Sebagai seorang yang dekat dengan Abah sejak tahun 2000, Pendeta Agus Susanto mencoba menjabarkan tiga pendekatan yang menjadi bagian dari Abah Hasyim Muzadi. Pendekatan pertama adalah Islam rahmatan lil ‘alamin diartikan oleh Abah sebagai makna bukan hanya teks. Abah mampu melakukan satu pemaknaan yang begitu dalam ukurannya, sehingga definisi rahmatan lil ‘alamin dapat diartikan oleh semua orang tanpa membeda-bedakan. Kedua, pendekatan terhadap rahmatan lil ‘alamin ditampilkan sebagai nilai keluhuran dalam praktik hidup. Beliau selalu menampilkan sikap dengan nilai-nilai keluhuran. Pendekatan terakhir adalah pendekatan rahmatan lil ‘alamin sebagai wujud persaudaraan kemanusiaan.

Begitulah Abah memberikan pencerahan di tengah perbedaan yang ada di Indonesia. Melalui sikap keluhuran dan welas asihnya, perbedaan dapat dimaknai sebagai satu kesatuan yang lebih bermakna. Sikap dan pemikiran inilah yang seharusnya dimiliki oleh generasi penerus bangsa yang semakin banyak dinamikanya.

Peran Kepemimpinan Abah Hasyim Muzadi

Pengalaman kepemimpinan Abah Hasyim Muzadi sudah tidak diragukan kembali, sudah banyak organisasi yang telah dipimpinnya hingga akhir hayatnya. Dalam memimpin, beliau dapat menjadi pemimpin yang mempunyai karisma dan disegani. Hal tersebut juga disampaikan oleh Ustaz Hilmy Muhammad bahwa peran kepemimpinan Abah Hasyim Muzadi di PBNU adalah mengelola organisasi tersebut sehingga dapat menjadi benteng. Dalam perjalanannya di setiap cabang NU di tingkat regional, Abah Hasyim selalu dapat mengumpulkan dan mengkonsolidasikan cabang-cabang yang ada disekitarnya. Hal ini dilihat Ustaz Hilmy Muhammad sebagai cara sederhana untuk melakukan silaturahmi sekaligus memperkuat NU atau yang disebut institutional building. Selain itu, Abah Hasyim juga memperkuat NU tidak hanya di regional dan nasional saja, melainkan ke skala internasional dengan melakukan pembentukan pengurus cabang di tingkat internasional.

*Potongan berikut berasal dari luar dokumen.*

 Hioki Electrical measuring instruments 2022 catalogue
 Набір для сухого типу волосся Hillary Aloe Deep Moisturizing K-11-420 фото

Eksistensi NU untuk Bangsa dan Agama

Sebagai sebuah organisasi yang sudah berdiri sejak lama, keberadaan NU tidak terlepas juga tidak terlepas dari politik. Hal ini juga terbukti ketika tahun 1952, NU berdiri sebagai partai politik, walaupun pada akhirnya tidak bertahan lama. Menurut Kiai Cholil Nafis, persoalan NU adalah tentang agama dan politik. NU harus mampu berhadapan dengan kepentingan politik praktis, karena banyak sekali persoalan yang menjadikan agama sebagai alat politik. NU harus mampu mengawal arah politik dan kebijakan negara atas dasar nilai-nilai agama. Kiai Cholil Nafis menekankan bahwa NU seharusnya dapat terus kuat menjadi patok bangsa yang dapat memelihara dan menciptakan kesejahteraan sosial bagi bangsa ini. 

Semoga dengan adanya webinar ini, dapat lebih membuka kembali ruang dialektika yang membahas mengenai perjuangan Abah Hasyim Muzadi di setiap aspek kehidupan. Harapannya, generasi saat ini dapat meneladani sikap dan pemikiran beliau sebagai bekal tantangan kehidupan di masa depan.